Adjustments and Comparisons

One of the most powerful features of COINr is the possibility to copy, adjust and compare coins. A coin is structured list that represents a composite indicator. Since it is an R object like any other, it can be copied and modified, and alternative versions can be easily compared. This generally requires four steps:

  1. Make a copy of the coin
  2. Adjust the coin
  3. Regenerate the coin
  4. Compare coins

These will be explained in the following sections.

Regeneration

The first three points on the list above will be addressed here. We must begin by explaining the “Log” of a coin. In COINr, some functions are distinguished as “building functions”. These functions start with a capital letter (with one exception), and have the following defining features:

  1. When a building function is run, it creates a new data set in .$Data.
  2. When a building function is run, it records its function arguments in .$Log.

Building functions are the following:

Function Description
new_coin() Initialise a coin object given indicator data and metadata
Screen() Screen units based on data availability rules
Denominate() Denominate/scale indicators by other indicators
Impute() Impute missing data
Treat() Treat outliers and skewed distributions
Normalise() Normalise indicators onto a common scale
Aggregate() Aggregate indicators using weighted mean

Let’s explain the concept of the “Log” now with an example. We will build the example coin manually, then look inside the coin’s Log list:

library(COINr)

# create new coin by calling new_coin()
coin <- new_coin(ASEM_iData, ASEM_iMeta,
                 level_names = c("Indicator", "Pillar", "Sub-index", "Index"))
#> iData checked and OK.
#> iMeta checked and OK.
#> Written data set to .$Data$Raw

# look in log
str(coin$Log, max.level = 2)
#> List of 2
#>  $ new_coin :List of 6
#>   ..$ iData                     :'data.frame':   51 obs. of  60 variables:
#>   ..$ iMeta                     :'data.frame':   68 obs. of  10 variables:
#>   ..$ exclude                   : NULL
#>   ..$ level_names               : chr [1:4] "Indicator" "Pillar" "Sub-index" "Index"
#>   ..$ retain_all_uCodes_on_split: logi FALSE
#>   ..$ quietly                   : logi FALSE
#>  $ can_regen: logi TRUE

Looking in the log, we can see that it is a list with an entry “new_coin”, which contains exactly the arguments that we passed to new_coin(): iData, iMeta, the level names, and two other arguments which are the default values of the function. There is also another logical variable called can_regen which is for internal use only.

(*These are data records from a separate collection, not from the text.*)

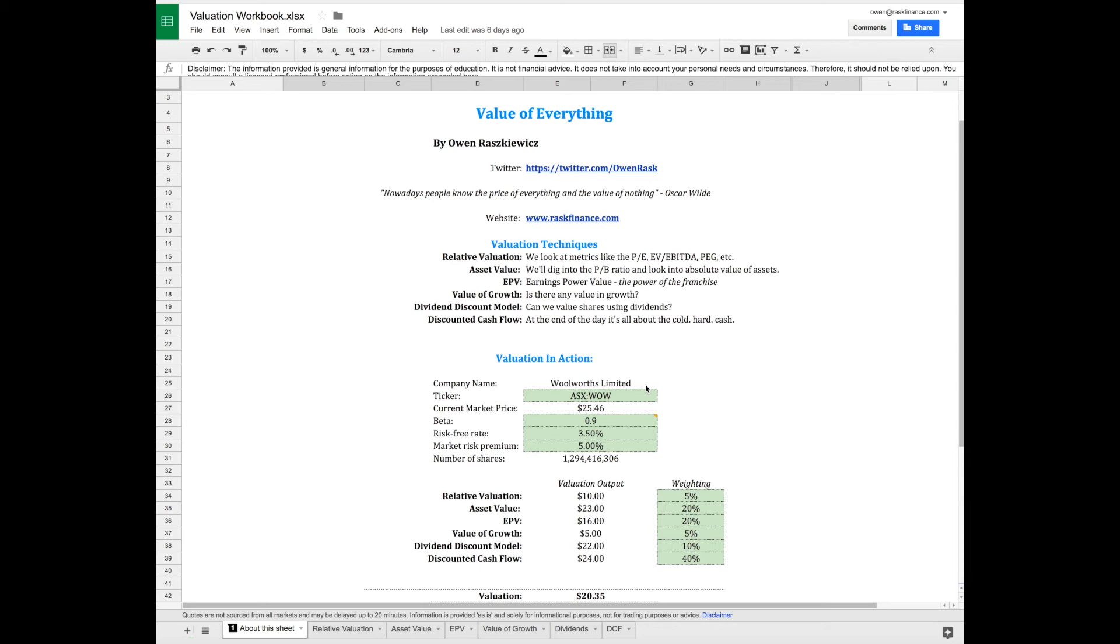Woolworths is primarily a supermarket with some other operations in liquor and department stores. We'll flesh that out throughout the video so you get a good understanding of how the business characteristics translate into the valuation model.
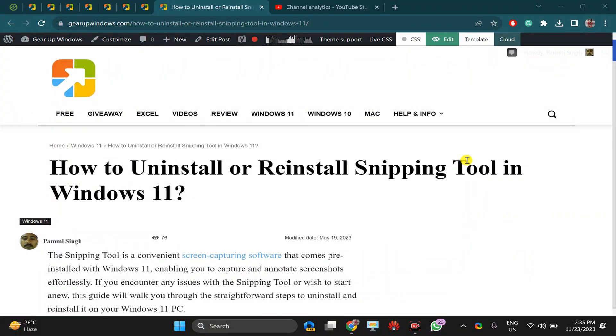Welcome back to Gear Up Windows YouTube channel. In this video, we will guide you on how to uninstall, reinstall, or repair Snipping Tool on Windows 11 PC. For this, you need to open the Settings app.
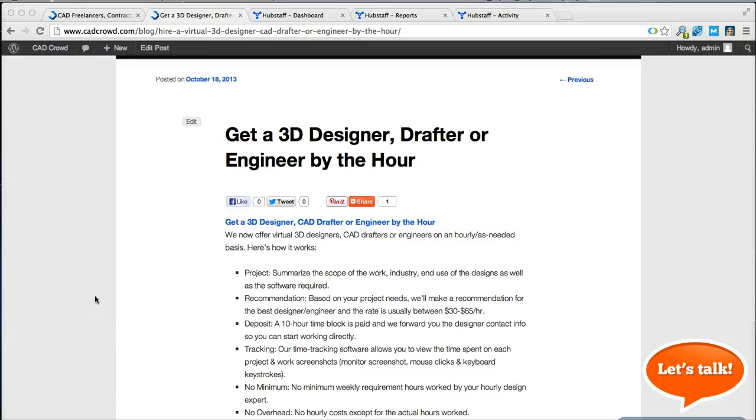Here's a quick summary of how hourly work works with CAD Crowd designers, freelancers and engineers.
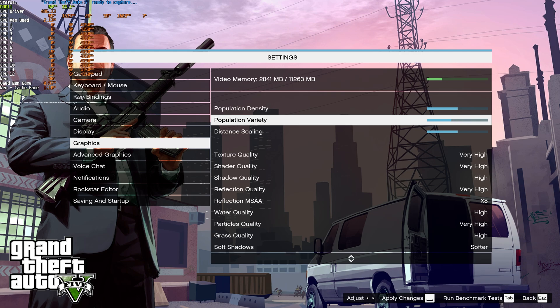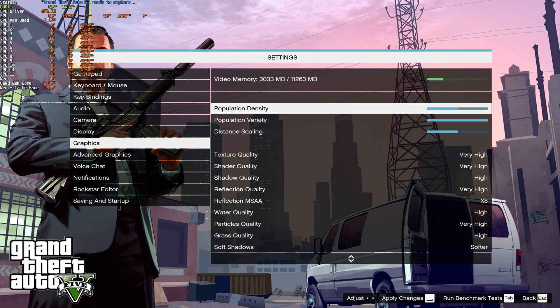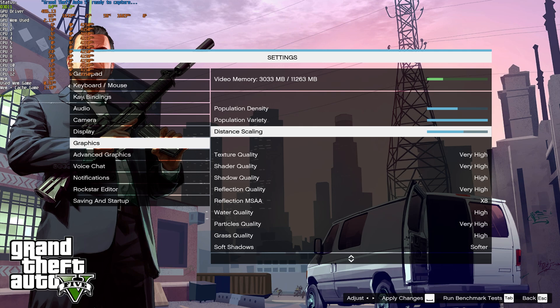As you can see, 3033 with everything maxed out, and 2313 with everything set down to the bottom. So, about 300 megs of VRAM saved. Population density and distance scaling have no effect on VRAM, but they will have an effect on FPS.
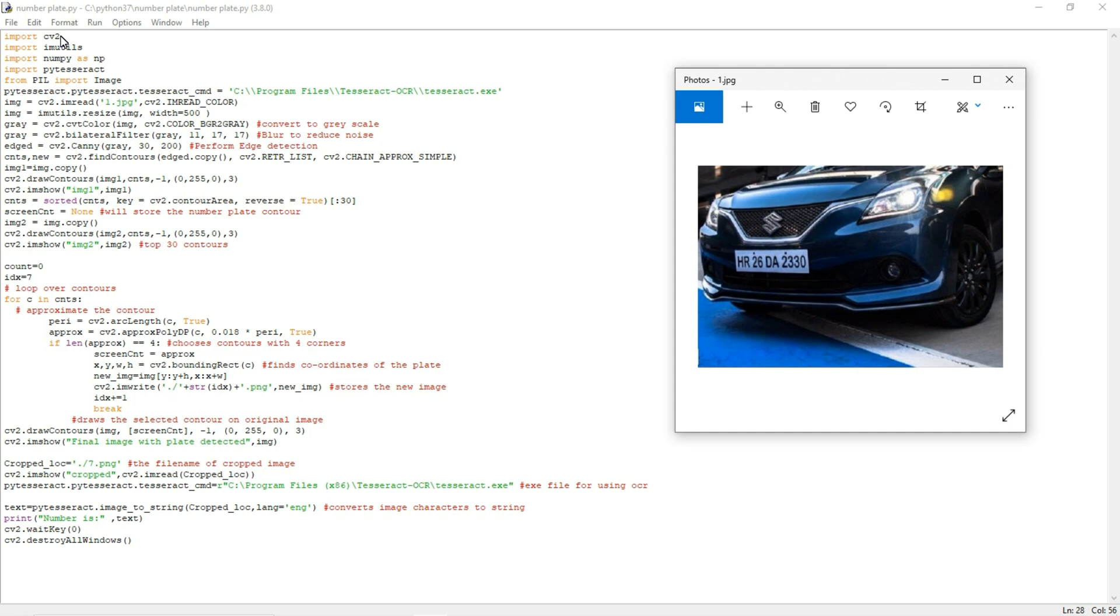The second one is imutils. This library is used to resize the image and if you are going to crop any image, we will use this imutils library.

This demonstrates that when we call a building function, its arguments are stored in the coin. To show another example, if we apply the Normalise() function:

# normalise
coin <- Normalise(coin, dset = "Raw")
#> Written data set to .$Data$Normalised

# view log
str(coin$Log, max.level = 2)
#> List of 3
#>  $ new_coin :List of 6
#>   ..$ iData                     :'data.frame':   51 obs. of  60 variables:
#>   ..$ iMeta                     :'data.frame':   68 obs. of  10 variables:
#>   ..$ exclude                   : NULL
#>   ..$ level_names               : chr [1:4] "Indicator" "Pillar" "Sub-index" "Index"
#>   ..$ retain_all_uCodes_on_split: logi FALSE
#>   ..$ quietly                   : logi FALSE
#>  $ can_regen: logi TRUE
#>  $ Normalise:List of 7
#>   ..$ dset        : chr "Raw"
#>   ..$ global_specs: NULL
#>   ..$ indiv_specs : NULL
#>   ..$ directions  : NULL
#>   ..$ out2        : chr "coin"
#>   ..$ write_to    : NULL
#>   ..$ write2log   : logi TRUE

Now we additionally have a “Normalise” entry, with all the function arguments that we specified, plus defaults.

Now, the reason that building functions write to the log, is that it allows coins to be regenerated, which means automatically re-running the building functions that were used to create the coin and its data sets. This is done with a function called Regen():

# regenerate the coin
coin <- Regen(coin, quietly = FALSE)
#> iData checked and OK.
#> iMeta checked and OK.
#> Written data set to .$Data$Raw
#> Written data set to .$Data$Normalised

When Regen() is called, it runs the buildings in the order that they are found in the log. This is an important point because if you iteratively re-run building functions, you might end up with an order that is not what you expect. You can check the log if you have any doubts (anyway you would probably encounter an error if the order is incorrect). Also, each building function can only be run once in a regeneration.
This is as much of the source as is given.